There are many numbers to consider: There's the actual number of ID theft complaints filed with the Federal Trade Commission last year (about 246,000). There's the estimated number of ID theft victims in the past year — several studies peg this at about 10 million.  There's the number of victims in the past five years, or ever — between 25 and 44 million, depending on the study. And there's the number of people whose data has been lost, stolen or placed at risk by corporations this year. That's about 50 million, according according to the Privacy Rights Clearinghouse.

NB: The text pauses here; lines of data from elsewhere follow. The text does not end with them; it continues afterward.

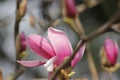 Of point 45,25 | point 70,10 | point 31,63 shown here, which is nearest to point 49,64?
point 31,63

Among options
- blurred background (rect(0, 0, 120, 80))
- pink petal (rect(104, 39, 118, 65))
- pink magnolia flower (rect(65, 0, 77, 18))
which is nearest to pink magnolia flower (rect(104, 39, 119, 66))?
pink petal (rect(104, 39, 118, 65))

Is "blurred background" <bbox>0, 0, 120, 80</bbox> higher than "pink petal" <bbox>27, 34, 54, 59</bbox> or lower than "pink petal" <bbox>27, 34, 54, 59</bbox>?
lower

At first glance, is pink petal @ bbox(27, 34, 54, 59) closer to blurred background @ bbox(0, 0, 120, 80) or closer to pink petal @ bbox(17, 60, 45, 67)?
pink petal @ bbox(17, 60, 45, 67)

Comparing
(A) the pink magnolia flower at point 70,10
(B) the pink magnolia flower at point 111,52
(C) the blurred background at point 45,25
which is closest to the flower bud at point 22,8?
(A) the pink magnolia flower at point 70,10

But which number represents ID theft?

Fraud by any other name ...
Identity theft can be as simple as a single disputed credit card charge, or as complex as an imposter committing crimes in the victim's name, or obtaining government benefits and big loans using the victim's Social Security number.

Industry groups argue that simple credit card fraud, when a fraudulent charge is spotted and disputed on a credit account, isn't ID theft. Exclude those victims, and the total number of victims is quite a bit smaller, they argue.  And simply "compromised" credit cards or other private information which hasn't been used for fraud yet, isn't ID theft either, this thinking goes.

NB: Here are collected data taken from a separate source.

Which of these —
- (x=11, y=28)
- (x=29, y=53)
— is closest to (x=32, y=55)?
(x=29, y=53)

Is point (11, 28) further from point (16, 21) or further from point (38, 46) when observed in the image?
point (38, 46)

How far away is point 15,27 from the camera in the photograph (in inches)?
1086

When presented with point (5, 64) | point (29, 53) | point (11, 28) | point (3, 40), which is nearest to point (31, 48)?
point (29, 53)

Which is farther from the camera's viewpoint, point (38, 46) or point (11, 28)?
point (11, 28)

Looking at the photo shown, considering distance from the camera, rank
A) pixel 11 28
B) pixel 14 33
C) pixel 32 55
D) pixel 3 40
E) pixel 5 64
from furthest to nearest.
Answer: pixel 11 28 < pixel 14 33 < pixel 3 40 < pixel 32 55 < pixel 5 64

"There is a genuine disagreement in principle as to how to define this crime," said Alan Westin, the president of Privacy and American Business and the author of the recent study. "ID theft is a term that has been placed over this issue like a blanket."

While there may be dispute about the numbers, there is no argument that they keep getting larger. In 2002, the only estimate available from the FBI suggested there were 750,000 identity theft victims in the United States. Then in 2003, Gartner Group estimated there were 7 million victims the previous year. A few months later, the Federal Trade Commission pegged the number at 9.9 million victims in the prior 12 months, and 27 million overall.  In early 2005, the Javelin Group estimated that there were 9.4 million victims of identity theft in the prior 12 months.

And now comes the Privacy and American Business survey with the most staggering estimate yet: that 20 percent of Americans are victims.

The new study comes just days after the retail industry took a step to reel in some of the bad news surrounding identity theft. In an editorial published Monday in USA Today, Mallory Duncan of the National Retail Foundation wrote that "despite the hype, true identity theft cases are few and far between."

He reiterated that sentiment in an interview with MSNBC.com.

"There's actually not nearly as much identity theft as the headlines would lead you to believe," Duncan said. "The numbers that you're looking at are unfortunately misleading."

His argument: identity theft and credit card fraud are two different things. A fraudulent charge on a credit card is one thing, easily solved by a call to the issuing bank. Full-blown ID theft, where someone else takes out loans or buys cars in the victim's name, is another.

"If someone gets your credit card number, the worst they can do to you is try to charge something to that account," said Duncan. "That's not identity theft. That's something consumers can easily fix by calling the card company." 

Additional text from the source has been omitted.